NATION

Council To Remove Derelict Vehicles Within Nausori Town

Special Administrator Uma Patel said some cars had been left unattended for over a year and has become an eyesore for residents.
10 Aug 2020 12:21
Council To Remove Derelict Vehicles Within Nausori Town
Abandoned vehicles left for scraps.

Any derelict vehicles found abandoned within the central business areas of Nausori Town will be removed immediately.

The Nausori Town Council is working with the Land Transport Authority to remove the vehicles over the coming days.

Special Administrator Uma Patel said some cars had been left unattended for over a year and has become an eyesore for residents.

“Most of them don’t have number plates and the Chassis number is also not visible. We have taken guidance from the LTA and they have confirmed that they have powers to remove such vehicles,” he said.

“It occupies unnecessary space on roads, breeding place for mosquitoes and in some cases children use these cars to play hide and seek and it is quite dangerous for small kids. We want them to be removed.”

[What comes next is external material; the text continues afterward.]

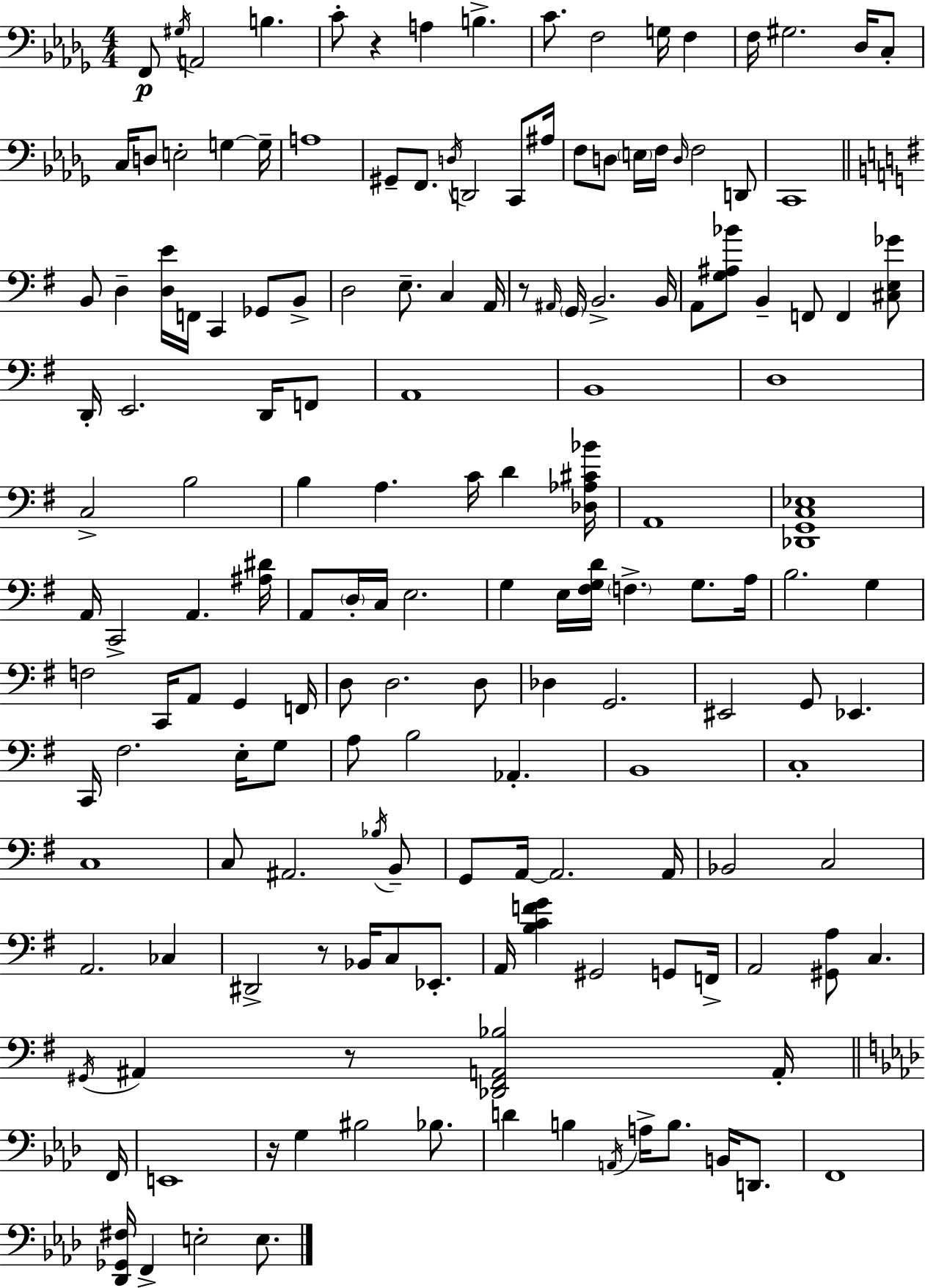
F2/e G#3/s A2/h B3/q. C4/e R/q A3/q B3/q. C4/e. F3/h G3/s F3/q F3/s G#3/h. Db3/s C3/e C3/s D3/e E3/h G3/q G3/s A3/w G#2/e F2/e. D3/s D2/h C2/e A#3/s F3/e D3/e E3/s F3/s D3/s F3/h D2/e C2/w B2/e D3/q [D3,E4]/s F2/s C2/q Gb2/e B2/e D3/h E3/e. C3/q A2/s R/e A#2/s G2/s B2/h. B2/s A2/e [G3,A#3,Bb4]/e B2/q F2/e F2/q [C#3,E3,Gb4]/e D2/s E2/h. D2/s F2/e A2/w B2/w D3/w C3/h B3/h B3/q A3/q. C4/s D4/q [Db3,Ab3,C#4,Bb4]/s A2/w [Db2,G2,C3,Eb3]/w A2/s C2/h A2/q. [A#3,D#4]/s A2/e D3/s C3/s E3/h. G3/q E3/s [F#3,G3,D4]/s F3/q. G3/e. A3/s B3/h. G3/q F3/h C2/s A2/e G2/q F2/s D3/e D3/h. D3/e Db3/q G2/h. EIS2/h G2/e Eb2/q. C2/s F#3/h. E3/s G3/e A3/e B3/h Ab2/q. B2/w C3/w C3/w C3/e A#2/h. Bb3/s B2/e G2/e A2/s A2/h. A2/s Bb2/h C3/h A2/h. CES3/q D#2/h R/e Bb2/s C3/e Eb2/e. A2/s [B3,C4,F4,G4]/q G#2/h G2/e F2/s A2/h [G#2,A3]/e C3/q. G#2/s A#2/q R/e [Db2,F#2,A2,Bb3]/h A2/s F2/s E2/w R/s G3/q BIS3/h Bb3/e. D4/q B3/q A2/s A3/s B3/e. B2/s D2/e. F2/w [Db2,Gb2,F#3]/s F2/q E3/h E3/e.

The council has also spoken to scrap metal dealers and has successfully attracted interest from one company who will take the vehicles and recycle them.

“We will soon be issuing notices to the garage owners. One in Manoca Industrial Area and the other one in Vunimono.”

Mr Patel said he had a meeting with the Fiji Police Force and the Nausori Chamber of Commerce last week to discuss the issue of illegal activities in Nausori.

Abandoned vehicles left for scraps.

Abandoned vehicles left for scraps.

Illegal operators

Collectively as of last week Friday, the council has started joint operations with the Ministry of Health and Medical Services to target single cigarette roll sellers. Police to curb illegal activities, the town council to remove illegal vendors from selling root crops and fish on footpaths and with LTA to monitor illegal parking and illegal operators in town.

Police has also provided a full time mobile camera truck, he said that will operate at night to keep an eye on illegal acts and unnecessary movement of people in town.

The council is also requesting liquor shop owners to close their shops early by 9.30pm so that people can go home on time before curfew starts at 11pm.

“Another option for them would be to only sell liquor to sober customers who have cars from 9.30pm – 10pm,” Mr Patel said.

“This is entirely their call, but if they are selling liquor to drunkards then they themselves are calling for trouble later.”

He acknowledged their partners for agreeing to the joint operations and added that their focus was to make Nausori town a safe place for everyone.